WHAT YOU NEED TO DO » Make an exact copy, without pictures, of the lines below from the one containing "ファイバユニット E32シリーズ 反射形 omron(オムロン)" to the last line, both ends included.

━━━━━ SUPPLIED MATERIAL

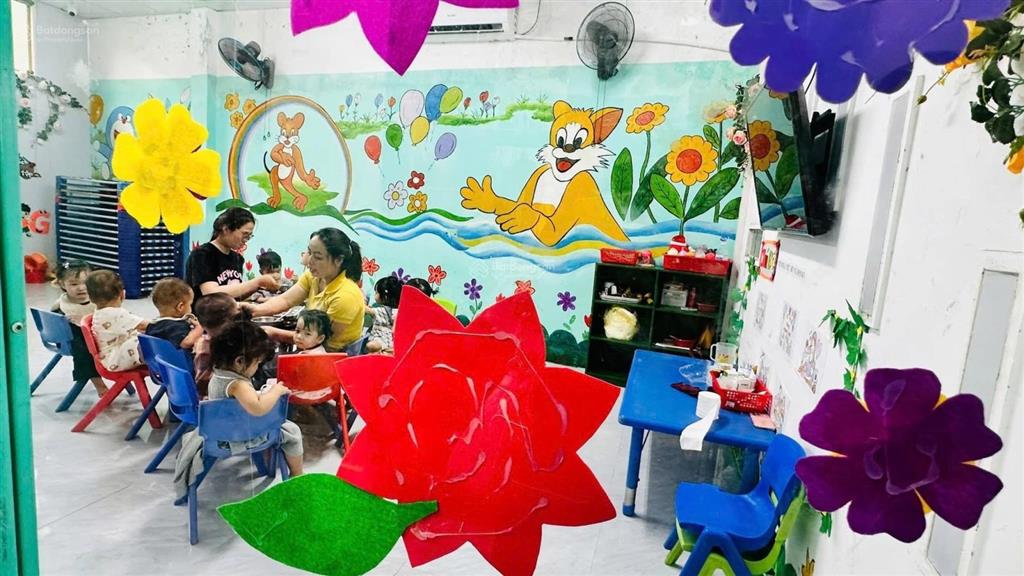 Bán trường mầm non tư thục  trung tâm hội an  lợi nhuận hằng tháng 250tr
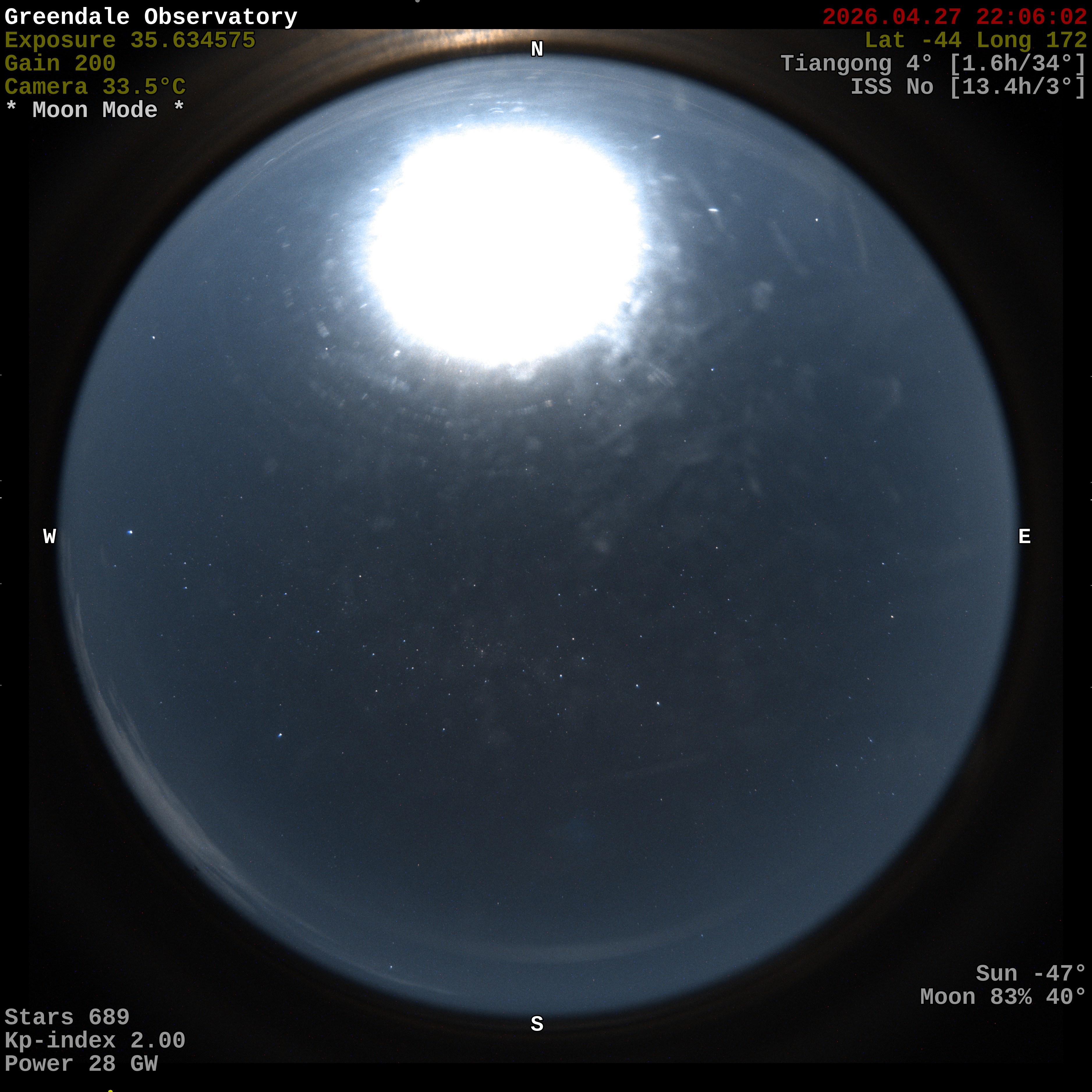 Greendale Observatory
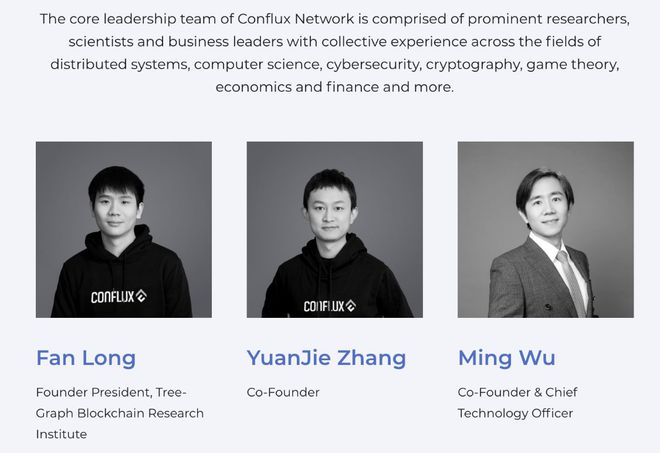 
      香港概念幣龍頭Conflux：香港嘉年華即將到來 CFX會一路飆升嗎？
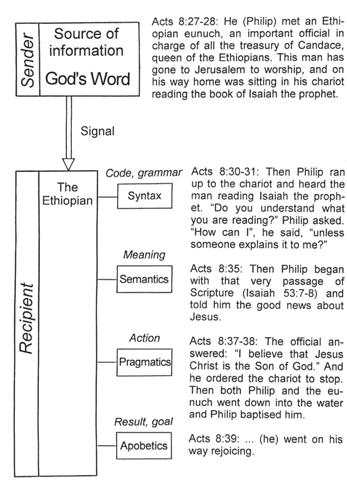 Figure 28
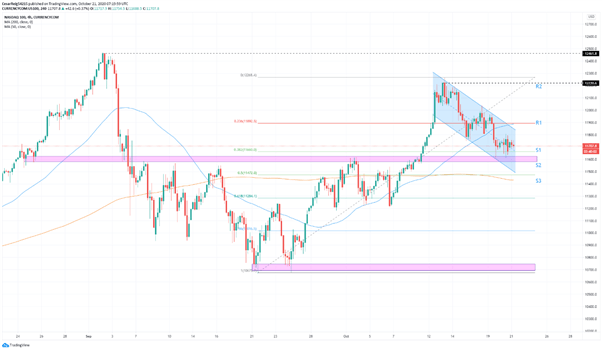 NASDAQ 100: las negociaciones en cuanto al estímulo fiscal continúan pero la resolución es incierta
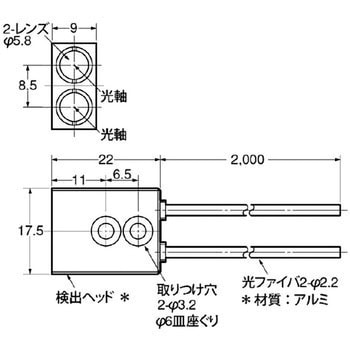 ファイバユニット E32シリーズ 反射形 omron(オムロン)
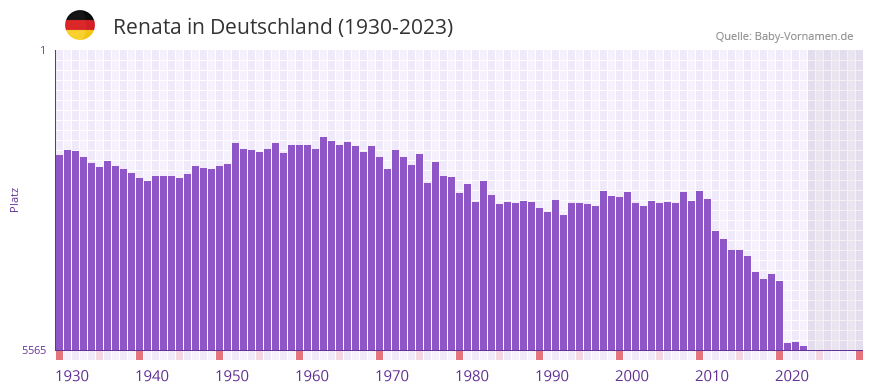 Renata in der Vornamen-Hitliste von Deutschland (1930-2023)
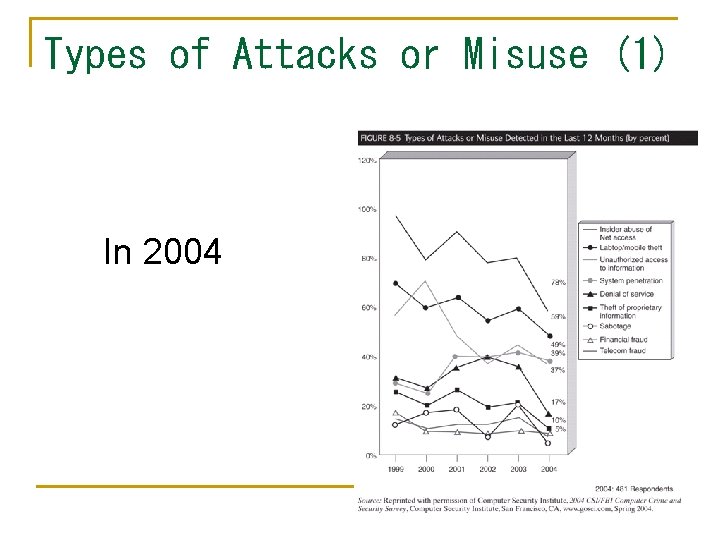 Types of Attacks or Misuse (1) In 2004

━━━━━━━━━━

EXERCISE ANSWER »
 ファイバユニット E32シリーズ 反射形 omron(オムロン)
 Renata in der Vornamen-Hitliste von Deutschland (1930-2023)
 Types of Attacks or Misuse (1) In 2004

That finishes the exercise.